───── DATA SHOWN

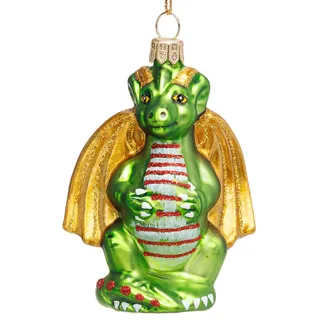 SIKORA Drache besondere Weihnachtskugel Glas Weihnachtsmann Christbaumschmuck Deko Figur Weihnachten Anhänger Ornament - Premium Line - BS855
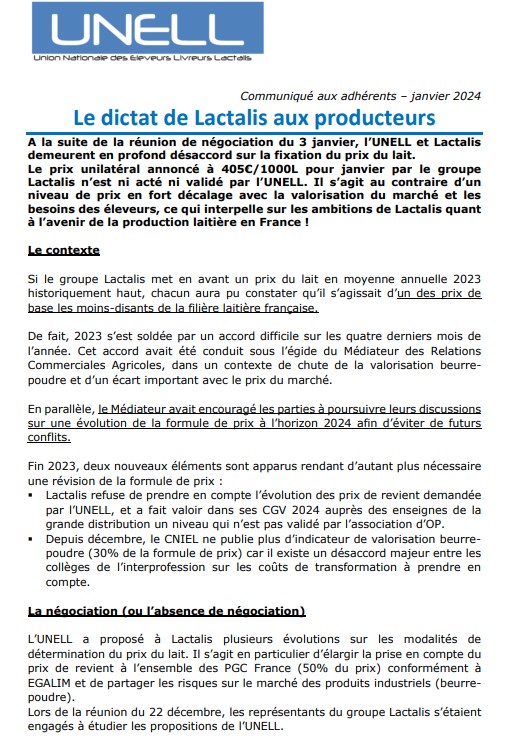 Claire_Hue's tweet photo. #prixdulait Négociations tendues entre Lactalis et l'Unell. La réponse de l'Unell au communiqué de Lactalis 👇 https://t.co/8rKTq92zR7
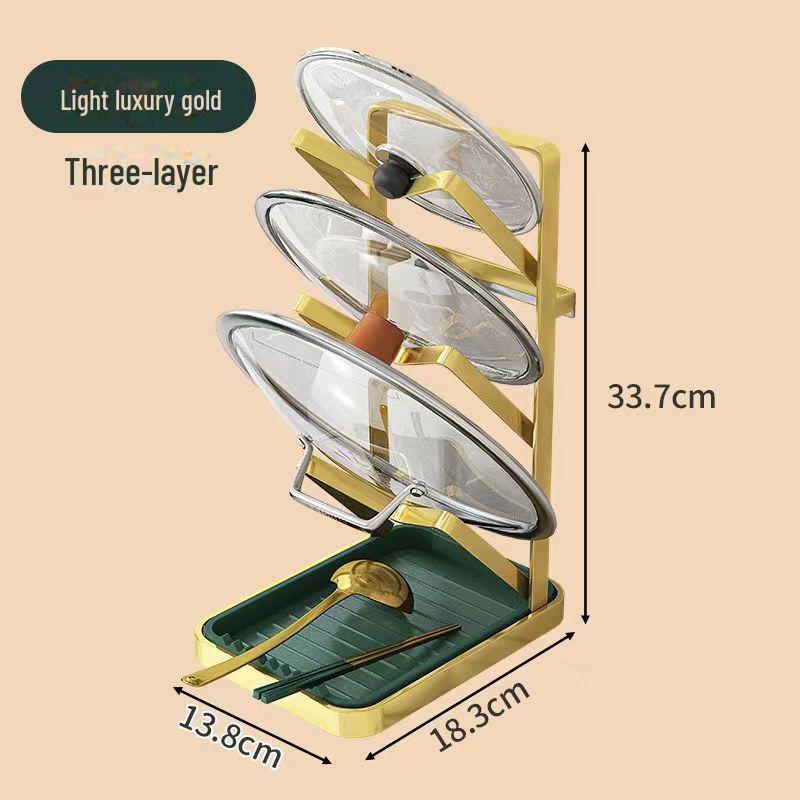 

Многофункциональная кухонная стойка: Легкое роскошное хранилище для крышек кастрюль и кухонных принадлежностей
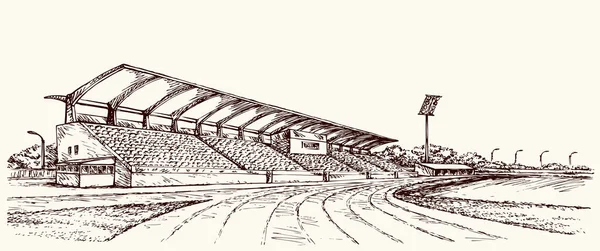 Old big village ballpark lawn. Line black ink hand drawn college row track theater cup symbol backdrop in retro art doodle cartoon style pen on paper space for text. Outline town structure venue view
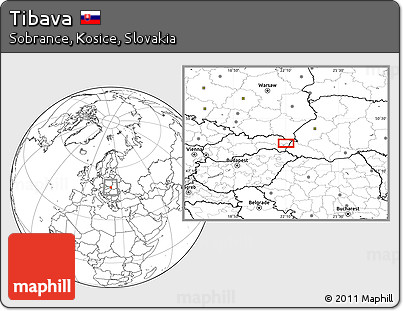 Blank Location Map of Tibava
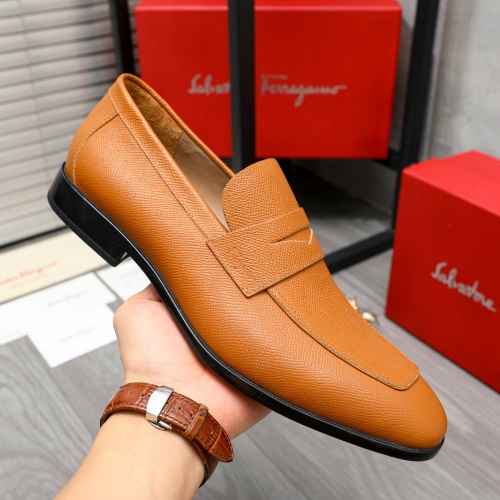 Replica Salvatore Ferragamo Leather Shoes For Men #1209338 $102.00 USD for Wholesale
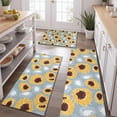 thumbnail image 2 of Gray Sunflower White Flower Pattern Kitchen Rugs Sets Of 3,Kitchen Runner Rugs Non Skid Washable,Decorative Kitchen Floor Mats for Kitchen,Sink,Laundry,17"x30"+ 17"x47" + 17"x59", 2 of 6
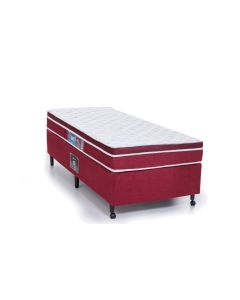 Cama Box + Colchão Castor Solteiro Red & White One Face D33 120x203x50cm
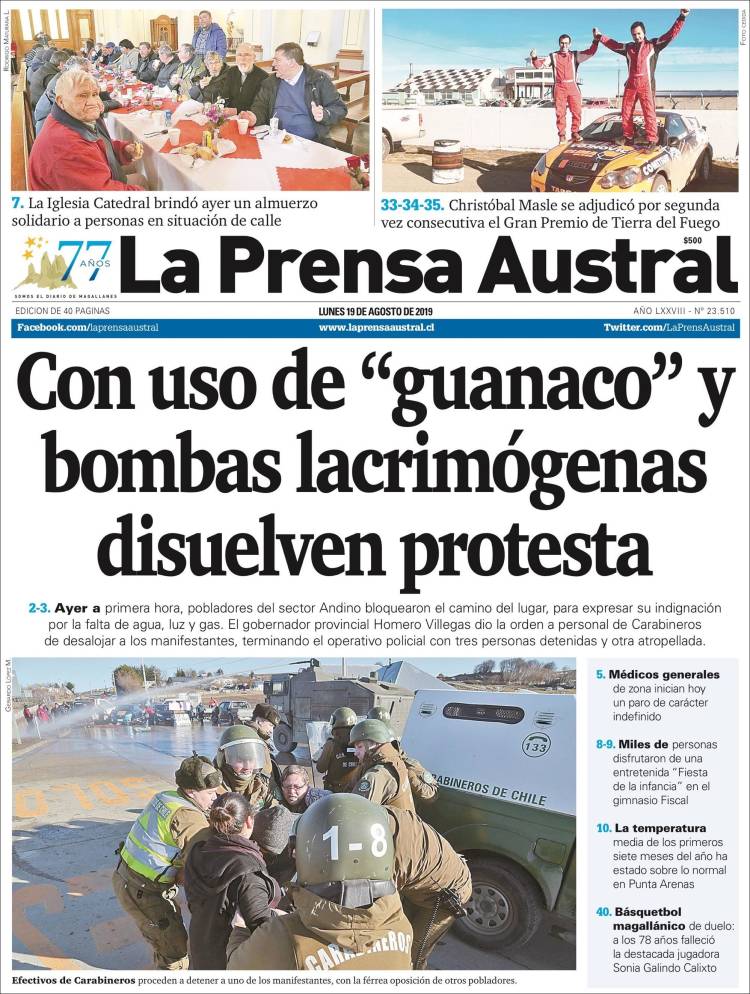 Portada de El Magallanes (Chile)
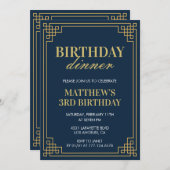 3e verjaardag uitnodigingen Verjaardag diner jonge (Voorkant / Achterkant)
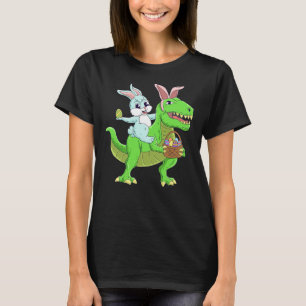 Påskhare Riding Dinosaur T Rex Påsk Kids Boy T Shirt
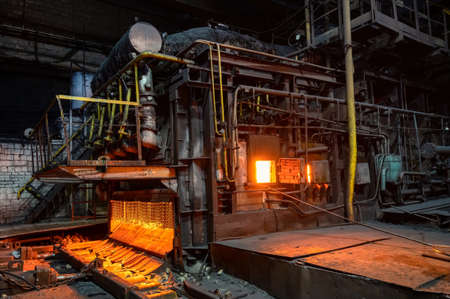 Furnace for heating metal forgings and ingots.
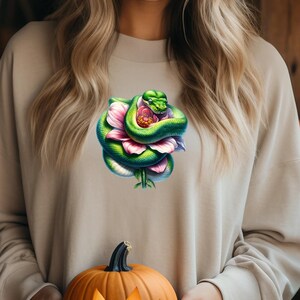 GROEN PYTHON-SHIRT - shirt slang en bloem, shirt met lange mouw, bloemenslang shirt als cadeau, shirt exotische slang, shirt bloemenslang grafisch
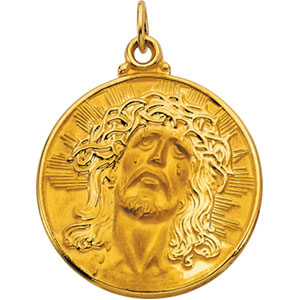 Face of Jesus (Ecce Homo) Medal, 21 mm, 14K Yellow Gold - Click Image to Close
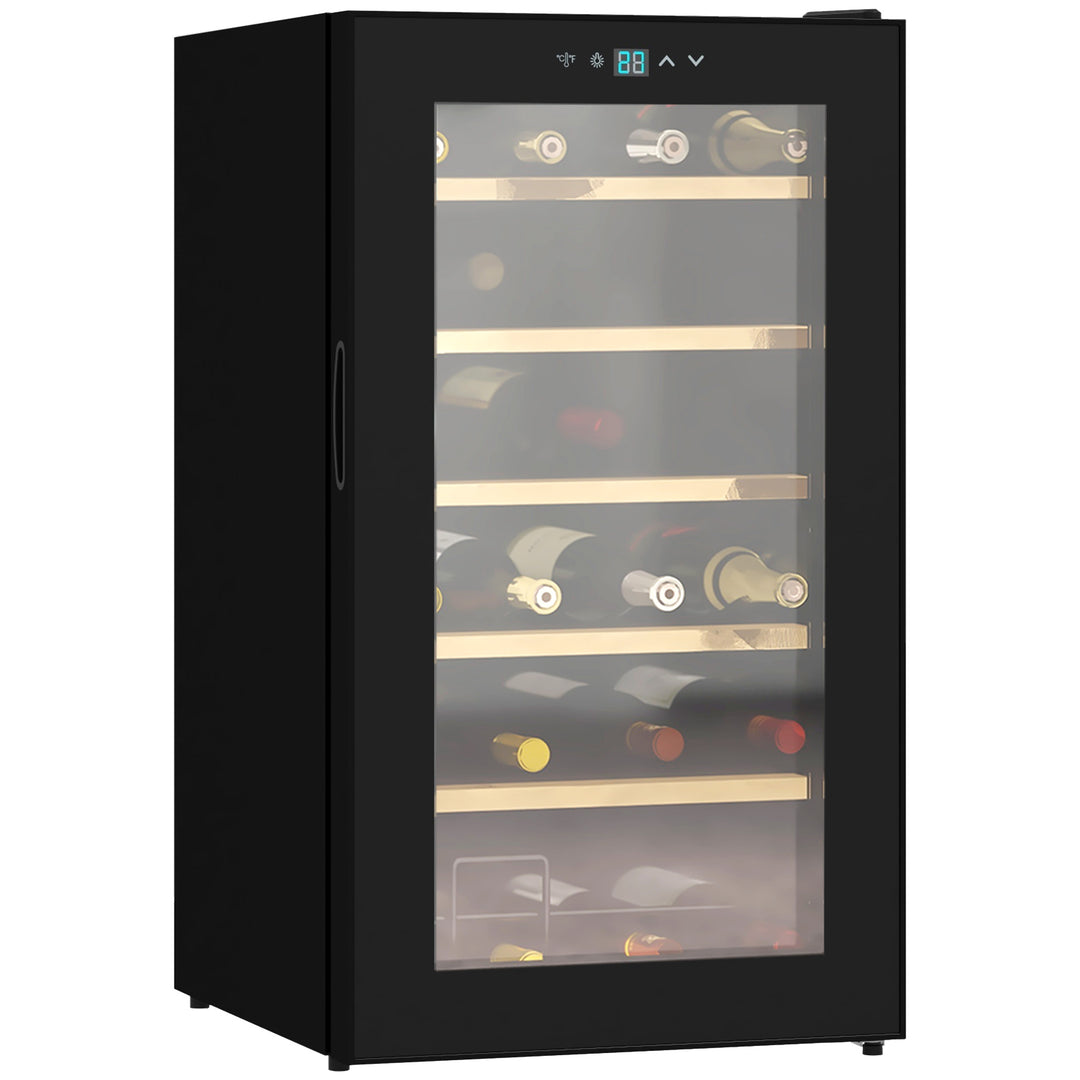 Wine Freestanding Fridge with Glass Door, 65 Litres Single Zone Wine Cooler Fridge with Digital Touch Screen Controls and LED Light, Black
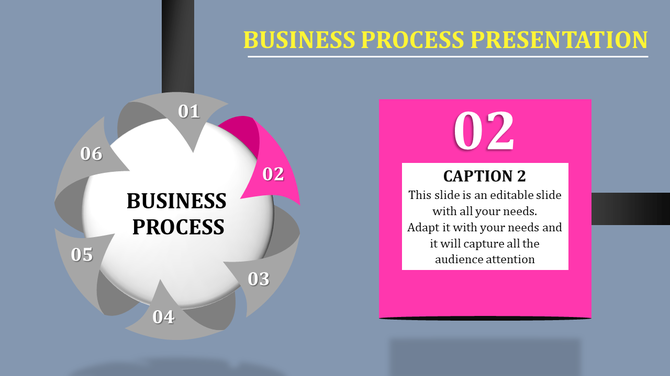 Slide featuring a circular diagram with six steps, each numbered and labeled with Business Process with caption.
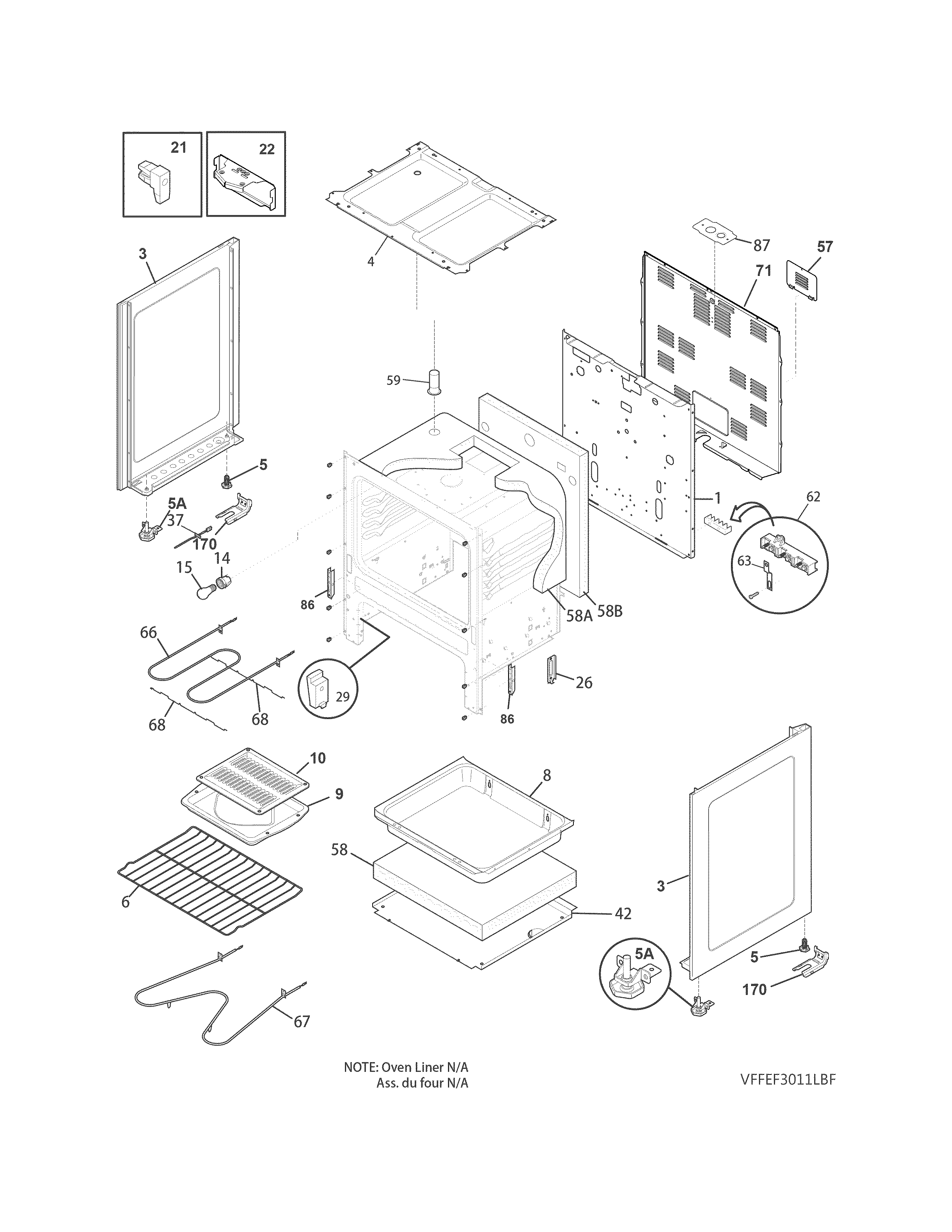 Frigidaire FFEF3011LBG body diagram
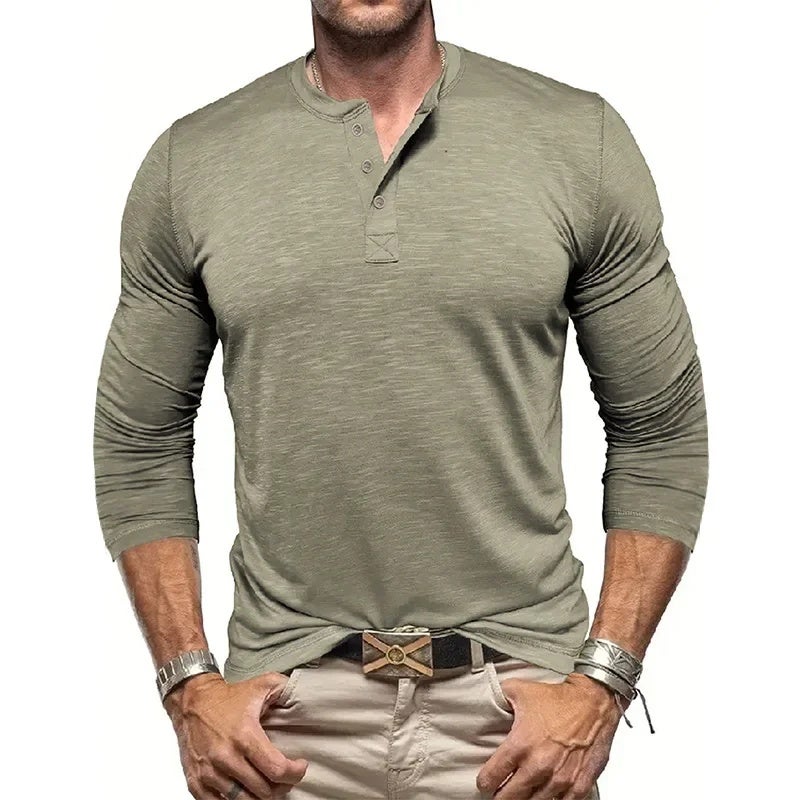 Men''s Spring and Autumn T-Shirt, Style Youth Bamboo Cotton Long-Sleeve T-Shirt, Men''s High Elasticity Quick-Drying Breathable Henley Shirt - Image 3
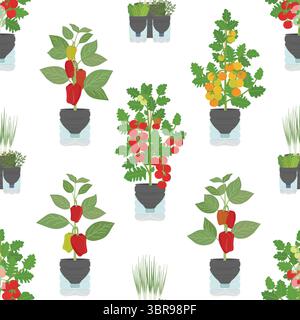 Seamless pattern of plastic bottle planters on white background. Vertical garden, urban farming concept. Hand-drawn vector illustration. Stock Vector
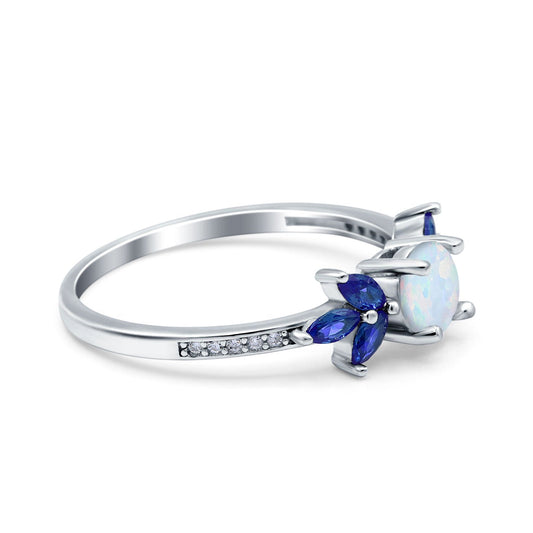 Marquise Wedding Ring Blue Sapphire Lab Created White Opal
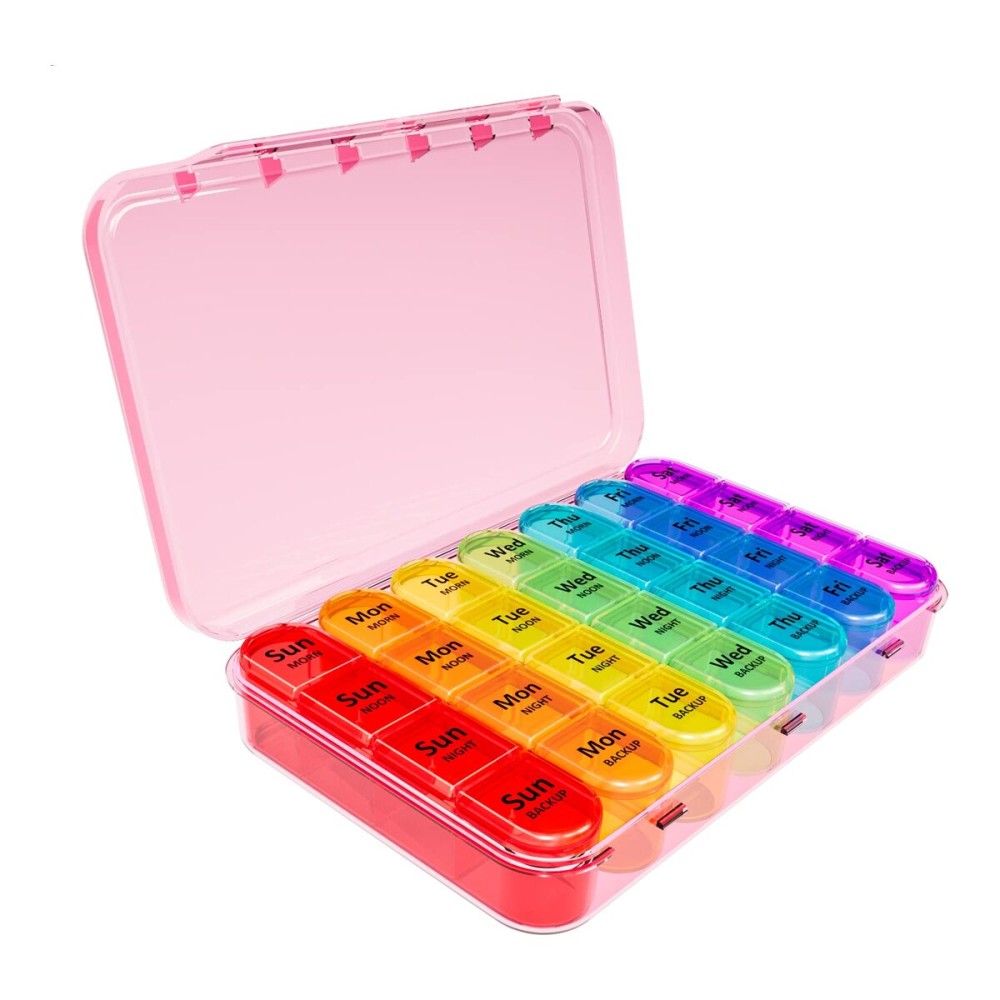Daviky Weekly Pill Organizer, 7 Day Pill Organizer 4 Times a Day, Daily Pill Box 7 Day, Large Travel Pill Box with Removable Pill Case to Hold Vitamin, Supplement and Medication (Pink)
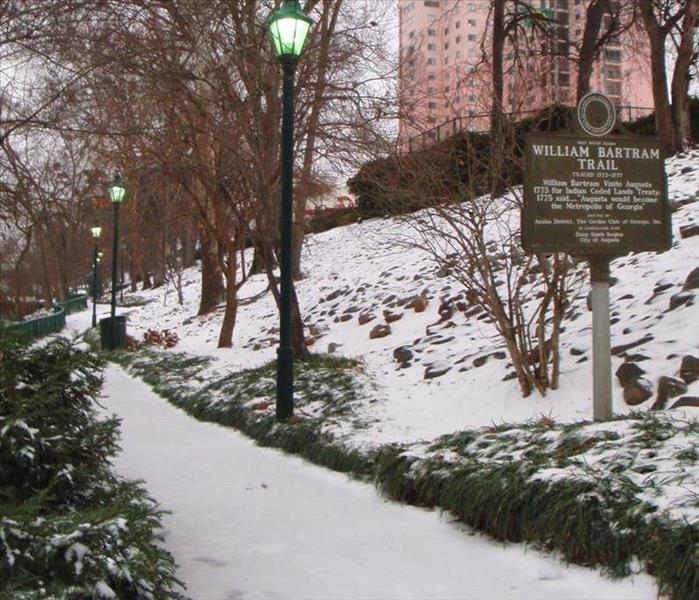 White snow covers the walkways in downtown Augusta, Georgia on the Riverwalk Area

──────────

TASK OBJECTIVE:
Print, word for word, every entry shown above; the pictures stay out.

FINISHED TASK:
 SIKORA Drache besondere Weihnachtskugel Glas Weihnachtsmann Christbaumschmuck Deko Figur Weihnachten Anhänger Ornament - Premium Line - BS855
 Claire_Hue's tweet photo. #prixdulait Négociations tendues entre Lactalis et l'Unell. La réponse de l'Unell au communiqué de Lactalis 👇 https://t.co/8rKTq92zR7

Многофункциональная кухонная стойка: Легкое роскошное хранилище для крышек кастрюль и кухонных принадлежностей
 Old big village ballpark lawn. Line black ink hand drawn college row track theater cup symbol backdrop in retro art doodle cartoon style pen on paper space for text. Outline town structure venue view
 Blank Location Map of Tibava
 Replica Salvatore Ferragamo Leather Shoes For Men #1209338 $102.00 USD for Wholesale
 thumbnail image 2 of Gray Sunflower White Flower Pattern Kitchen Rugs Sets Of 3,Kitchen Runner Rugs Non Skid Washable,Decorative Kitchen Floor Mats for Kitchen,Sink,Laundry,17"x30"+ 17"x47" + 17"x59", 2 of 6
 Cama Box + Colchão Castor Solteiro Red & White One Face D33 120x203x50cm
 Portada de El Magallanes (Chile)
 3e verjaardag uitnodigingen Verjaardag diner jonge (Voorkant / Achterkant)
 Påskhare Riding Dinosaur T Rex Påsk Kids Boy T Shirt
 Furnace for heating metal forgings and ingots.
 GROEN PYTHON-SHIRT - shirt slang en bloem, shirt met lange mouw, bloemenslang shirt als cadeau, shirt exotische slang, shirt bloemenslang grafisch
 Face of Jesus (Ecce Homo) Medal, 21 mm, 14K Yellow Gold - Click Image to Close
 Wine Freestanding Fridge with Glass Door, 65 Litres Single Zone Wine Cooler Fridge with Digital Touch Screen Controls and LED Light, Black
 Slide featuring a circular diagram with six steps, each numbered and labeled with Business Process with caption.
 Frigidaire FFEF3011LBG body diagram
 Men''s Spring and Autumn T-Shirt, Style Youth Bamboo Cotton Long-Sleeve T-Shirt, Men''s High Elasticity Quick-Drying Breathable Henley Shirt - Image 3
 Seamless pattern of plastic bottle planters on white background. Vertical garden, urban farming concept. Hand-drawn vector illustration. Stock Vector
 Marquise Wedding Ring Blue Sapphire Lab Created White Opal
Daviky Weekly Pill Organizer, 7 Day Pill Organizer 4 Times a Day, Daily Pill Box 7 Day, Large Travel Pill Box with Removable Pill Case to Hold Vitamin, Supplement and Medication (Pink)
 White snow covers the walkways in downtown Augusta, Georgia on the Riverwalk Area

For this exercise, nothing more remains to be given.